-- EXERCISE MATERIALS follows --
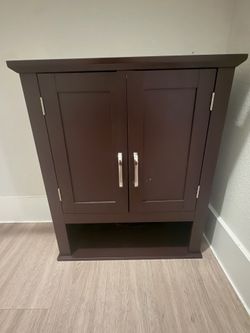Bathroom cabinet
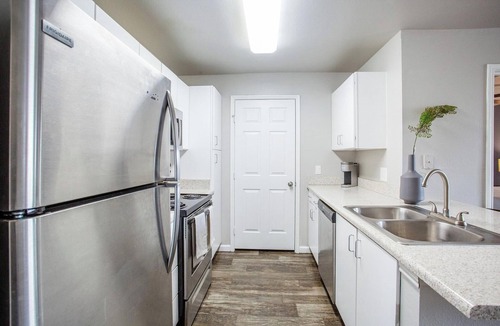 Tallahassee Apartment | Landing | Beautiful 2BD, Clubhouse, Game Room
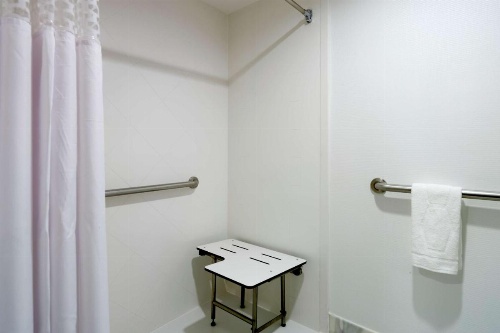 Hilton Garden Inn Queens/Jfk Airport image 2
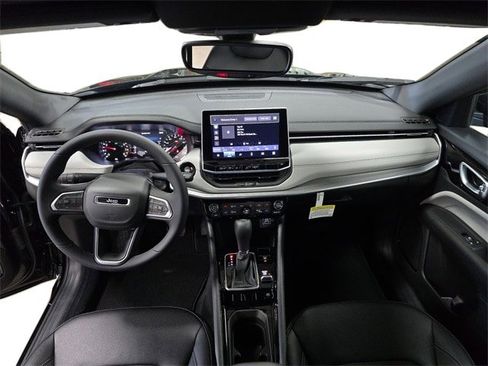 New 2026 Jeep Compass Limited image 31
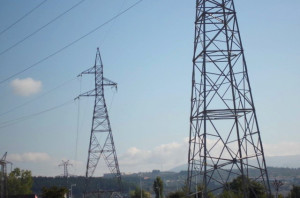Torres de tendido eléctrico en el municipio de Ponferrada. Foto: PRB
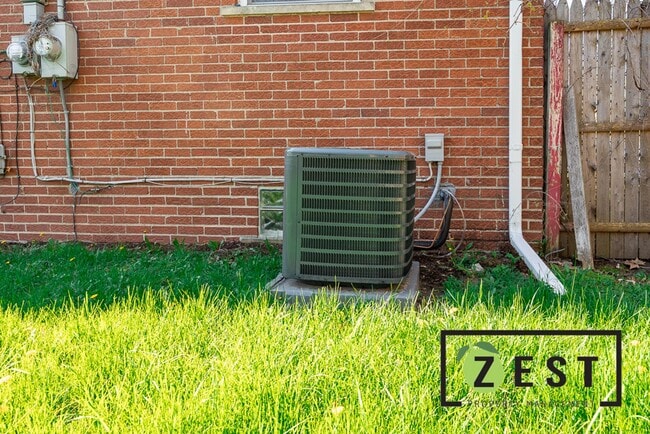 Building Photo - 3 BD 1 BA HOME AVAILABLE NOW! 1,300 Monthly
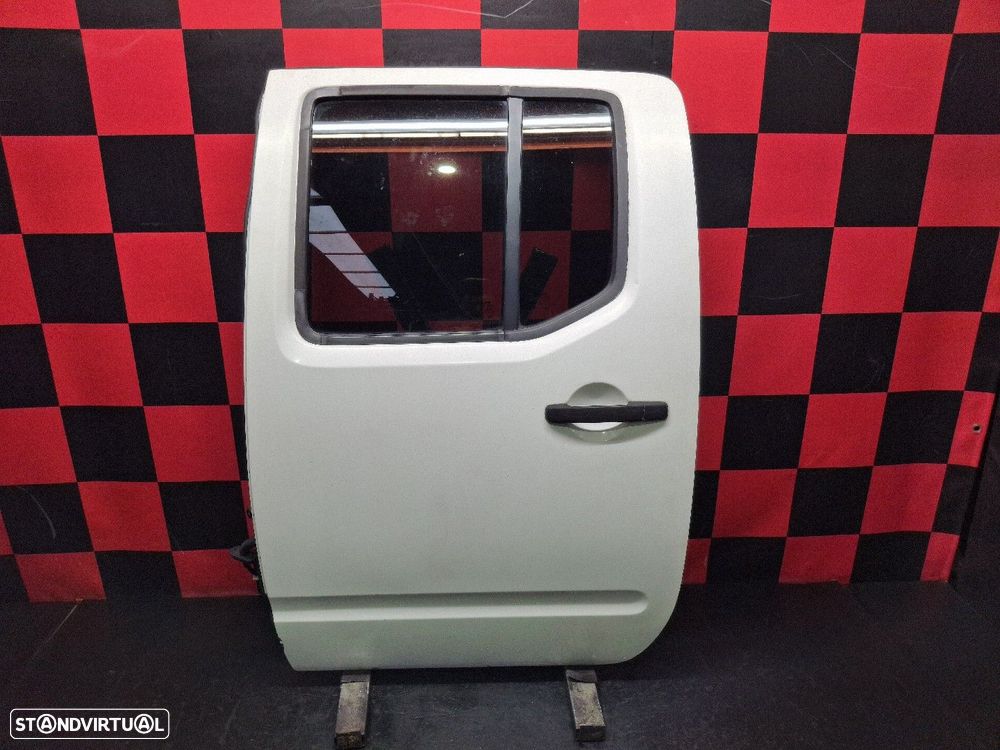 Porta Tras Esquerda Nissan Np300 Navara Camião De Plataforma/Chassis ( - 1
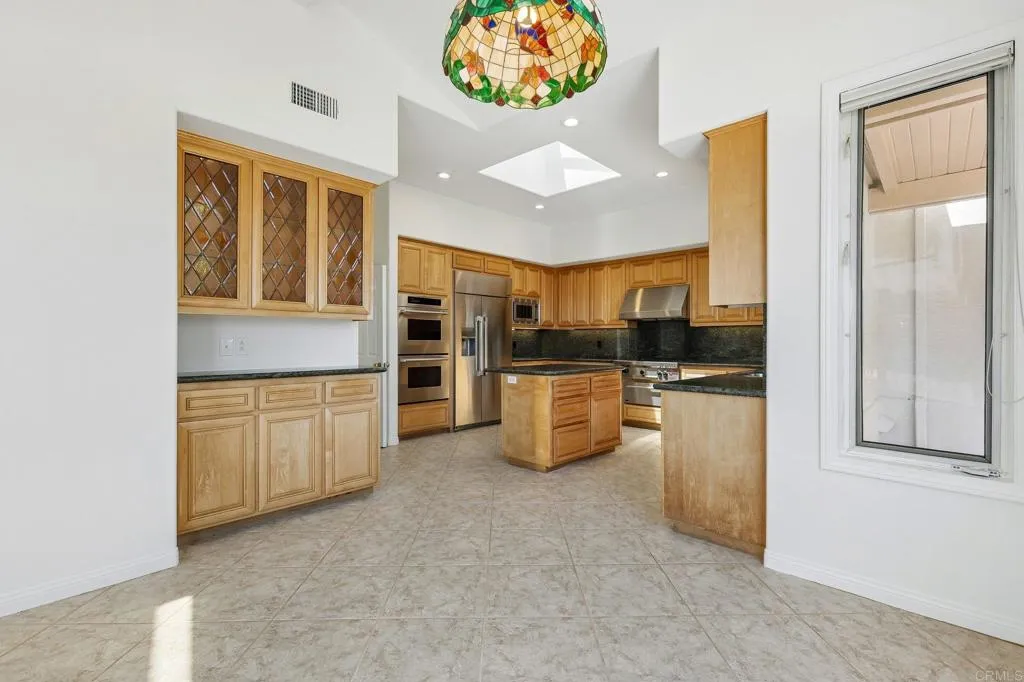 https://cdn.realtyfeed.com/cdn/127/306787296/18ff58704751801f6519f25a9c47d955.webp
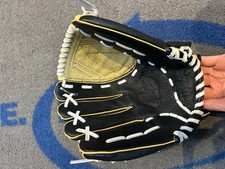 NEW - Wilson Siren A500 Fastpitch Softball Glove LHT 12.5"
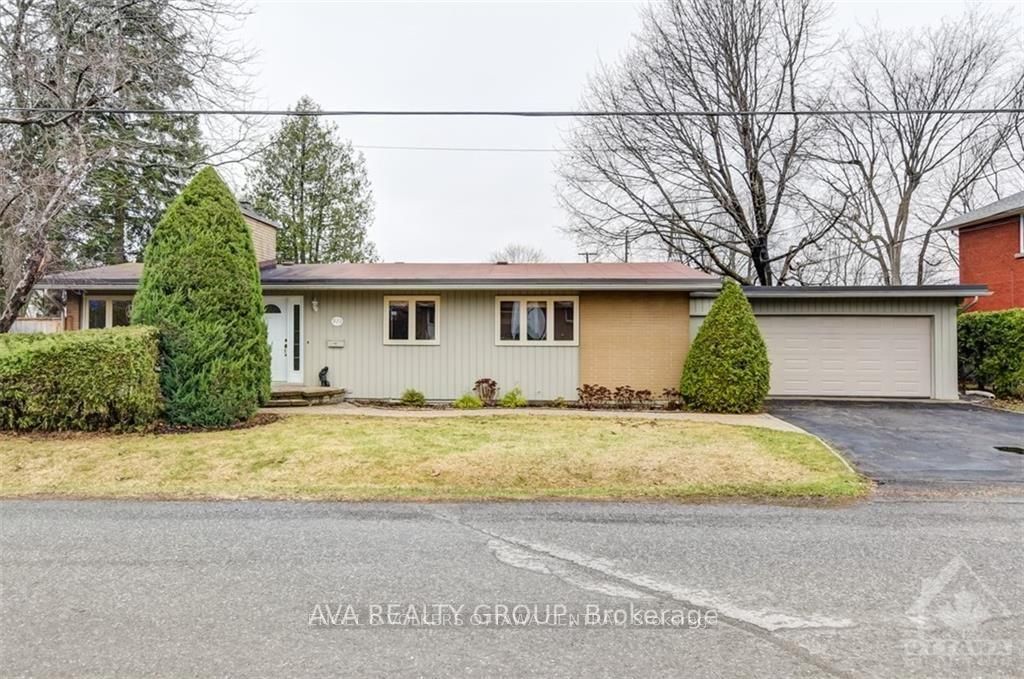 920 Iroquois Road Property Photo 1
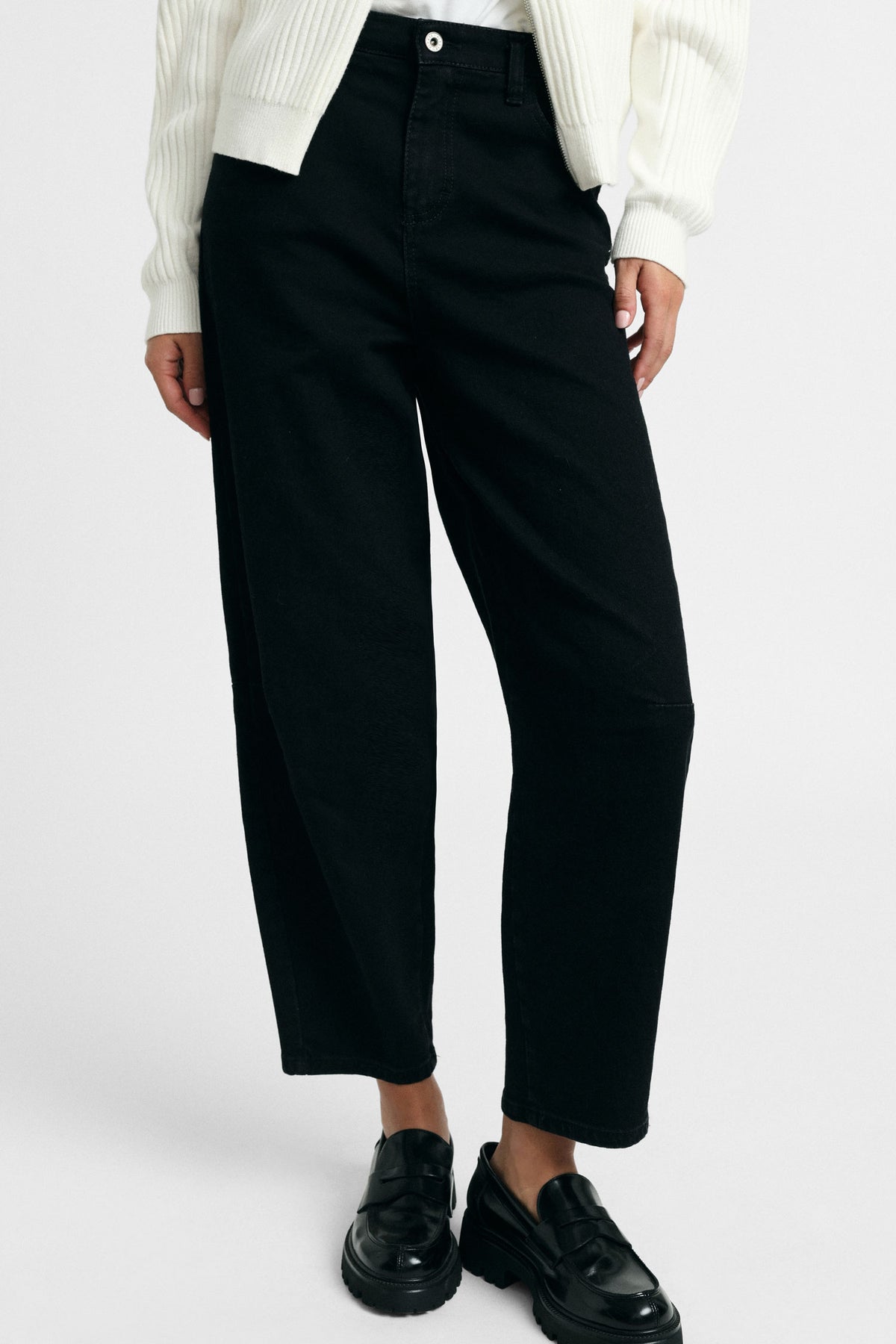 Jean balloon Noir denim, porté profil, coloris noir denim – Please
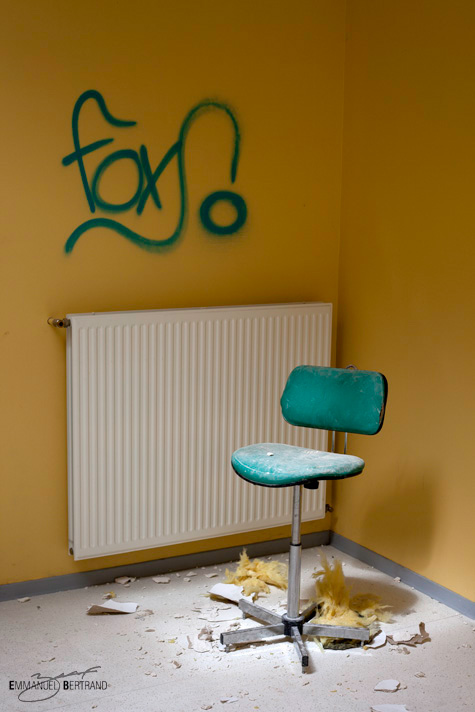 green office chair, 2012 © Emmanuel Bertrand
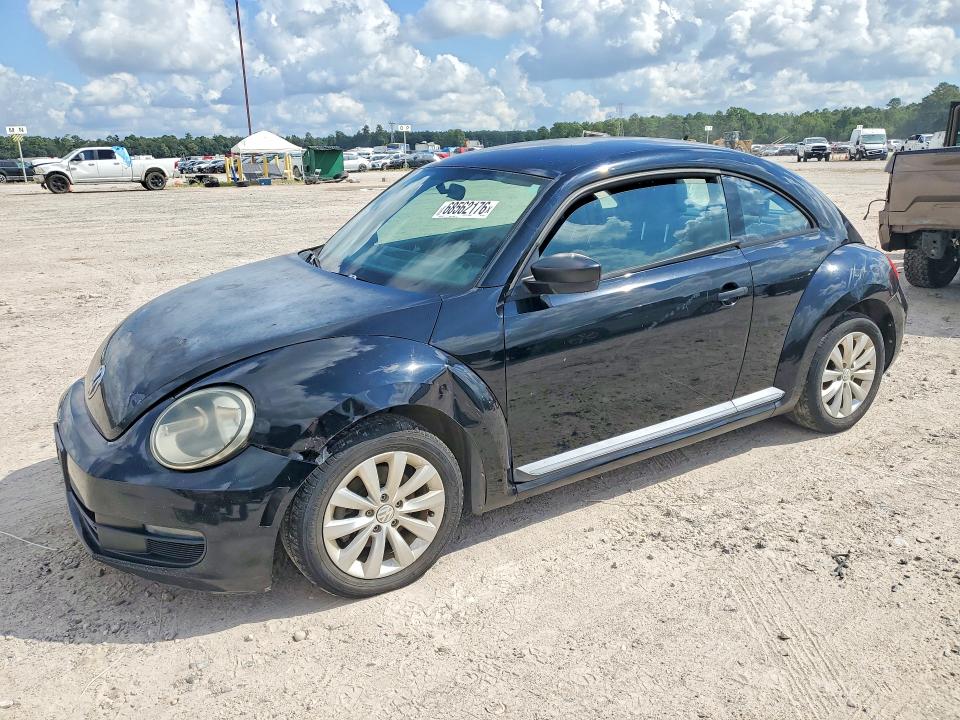 Photo 1 from auction – 2013 VOLKSWAGEN BEETLE with VIN 3VWFP7AT0DM659350
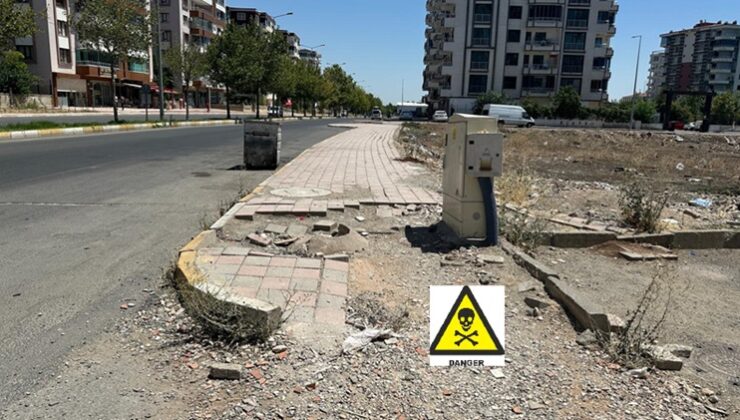 Diyarbakır’da kaldırımdaki trafo tehlikesi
-- EXERCISE MATERIALS concluded --
◆ WORK TASK ◆
Starting with the line that contains "Torres de tendido", copy every line word for word through the end of the listing above, but leave out the pictures.

◆ RESULT OF THIS EXERCISE ◆
Torres de tendido eléctrico en el municipio de Ponferrada. Foto: PRB
 Building Photo - 3 BD 1 BA HOME AVAILABLE NOW! 1,300 Monthly
 Porta Tras Esquerda Nissan Np300 Navara Camião De Plataforma/Chassis ( - 1
 https://cdn.realtyfeed.com/cdn/127/306787296/18ff58704751801f6519f25a9c47d955.webp
 NEW - Wilson Siren A500 Fastpitch Softball Glove LHT 12.5"
 920 Iroquois Road Property Photo 1
 Jean balloon Noir denim, porté profil, coloris noir denim – Please
 green office chair, 2012 © Emmanuel Bertrand
 Photo 1 from auction – 2013 VOLKSWAGEN BEETLE with VIN 3VWFP7AT0DM659350
 Diyarbakır’da kaldırımdaki trafo tehlikesi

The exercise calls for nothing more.